Would you please transcribe, exactly as written, the lines of the entries below starting at the one that holds "Prodej domu 180" and ending at the one that holds "Продается дом 43.1 м². Фото 42.", both included?

Input:

====================

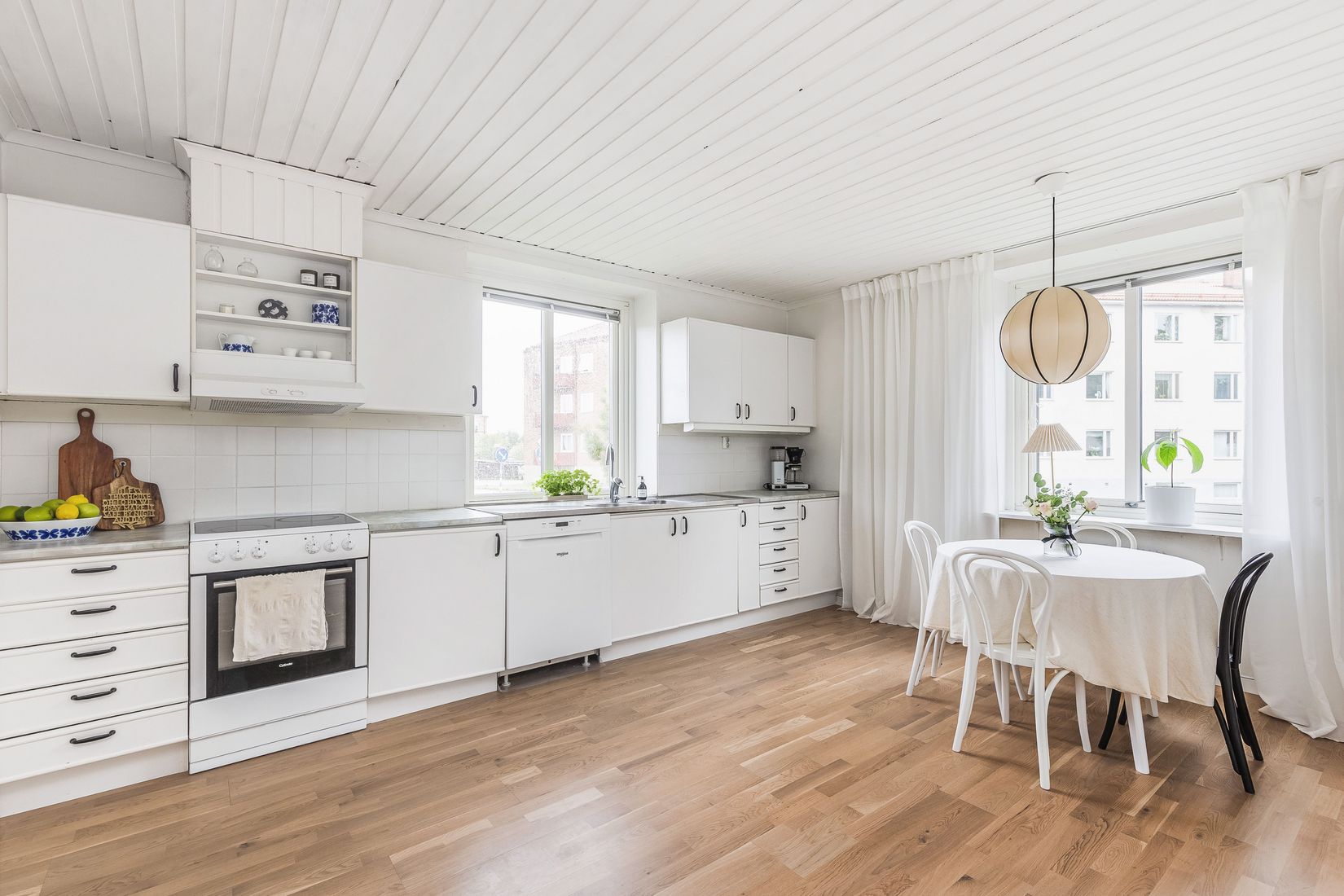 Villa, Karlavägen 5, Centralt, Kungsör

====================

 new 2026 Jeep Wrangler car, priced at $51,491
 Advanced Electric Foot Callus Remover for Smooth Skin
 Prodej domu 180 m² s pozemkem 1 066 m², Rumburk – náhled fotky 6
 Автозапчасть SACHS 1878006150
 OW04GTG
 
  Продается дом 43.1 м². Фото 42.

====================

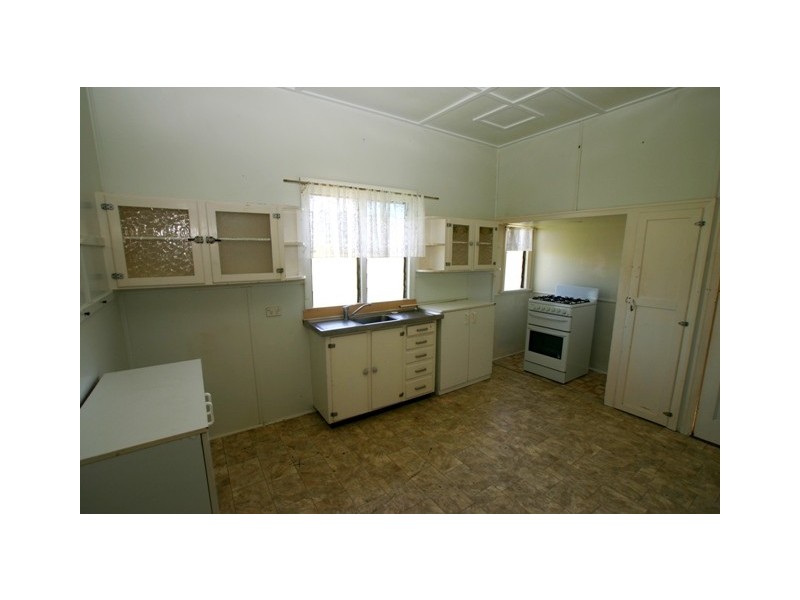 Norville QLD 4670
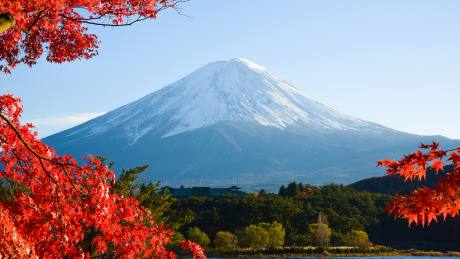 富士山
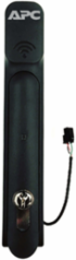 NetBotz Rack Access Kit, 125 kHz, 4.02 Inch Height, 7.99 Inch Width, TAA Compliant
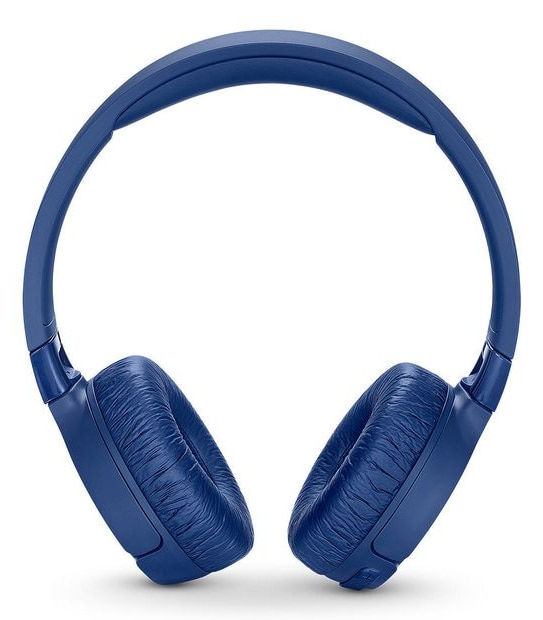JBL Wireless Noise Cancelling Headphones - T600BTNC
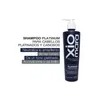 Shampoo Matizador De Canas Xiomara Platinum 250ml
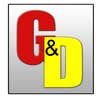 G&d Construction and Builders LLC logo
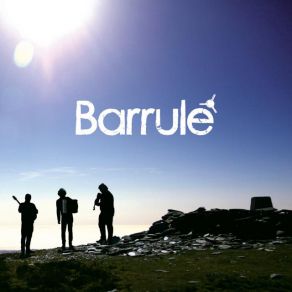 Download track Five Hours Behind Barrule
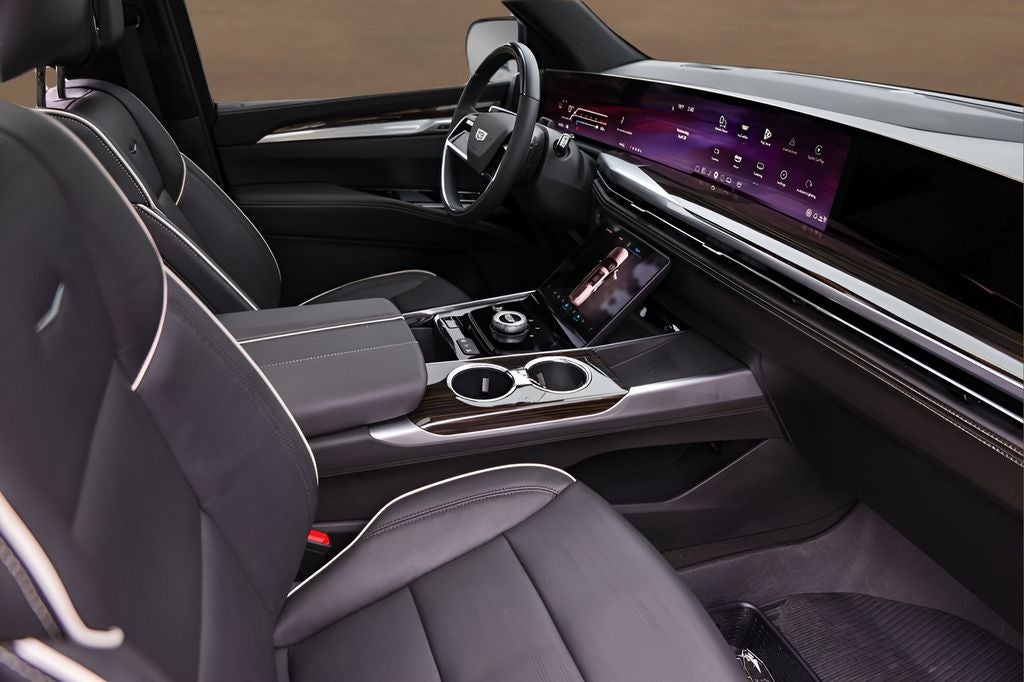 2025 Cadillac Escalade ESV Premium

====================

Answer area:
 Prodej domu 180 m² s pozemkem 1 066 m², Rumburk – náhled fotky 6
 Автозапчасть SACHS 1878006150
 OW04GTG
 
  Продается дом 43.1 м². Фото 42.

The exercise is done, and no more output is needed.